→ Excerpted data:

* * * * *

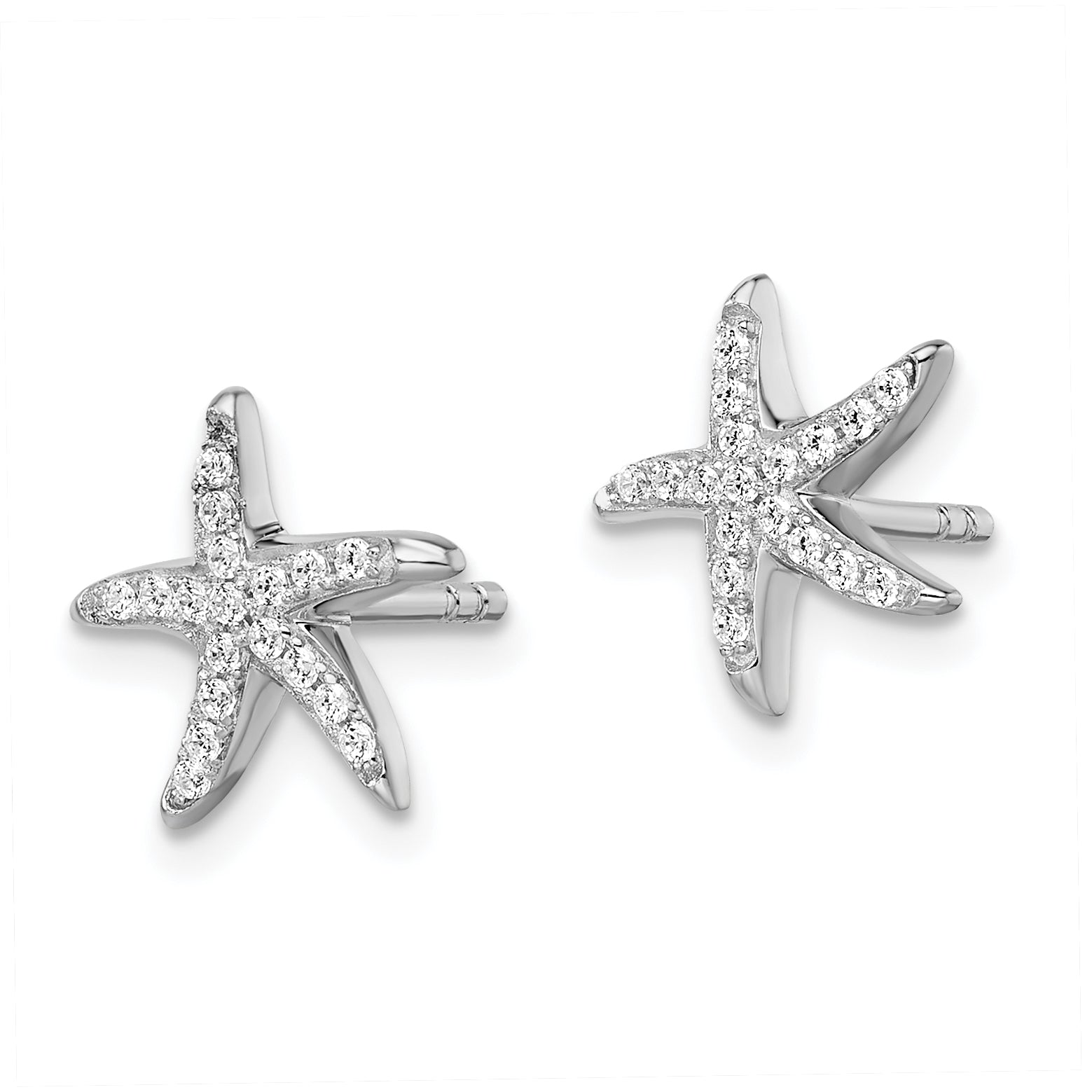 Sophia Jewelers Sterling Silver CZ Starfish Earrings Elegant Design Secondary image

* * * * *

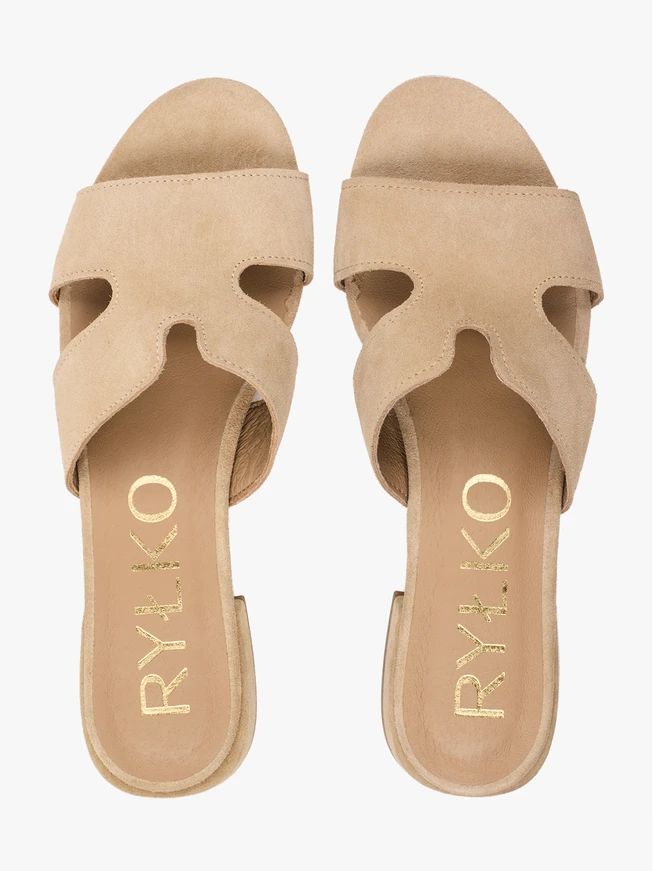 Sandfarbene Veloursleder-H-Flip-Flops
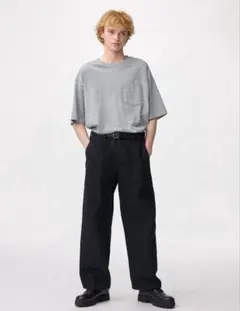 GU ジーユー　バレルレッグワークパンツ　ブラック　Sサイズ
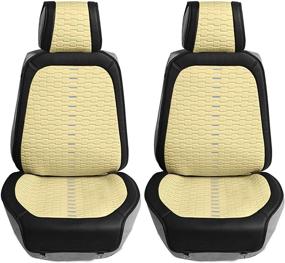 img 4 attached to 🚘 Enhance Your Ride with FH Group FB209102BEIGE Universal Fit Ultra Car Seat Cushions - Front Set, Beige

* * * * *

→ Activity:
Given the listing above, repeat exactly the lines starting at the one with "Sandfarbene Veloursleder-H-Flip-Flops" and ending at the one with "img 4 attached", inclusive, excluding pictures.

→ Task result:
 Sandfarbene Veloursleder-H-Flip-Flops
 GU ジーユー　バレルレッグワークパンツ　ブラック　Sサイズ
 img 4 attached to 🚘 Enhance Your Ride with FH Group FB209102BEIGE Universal Fit Ultra Car Seat Cushions - Front Set, Beige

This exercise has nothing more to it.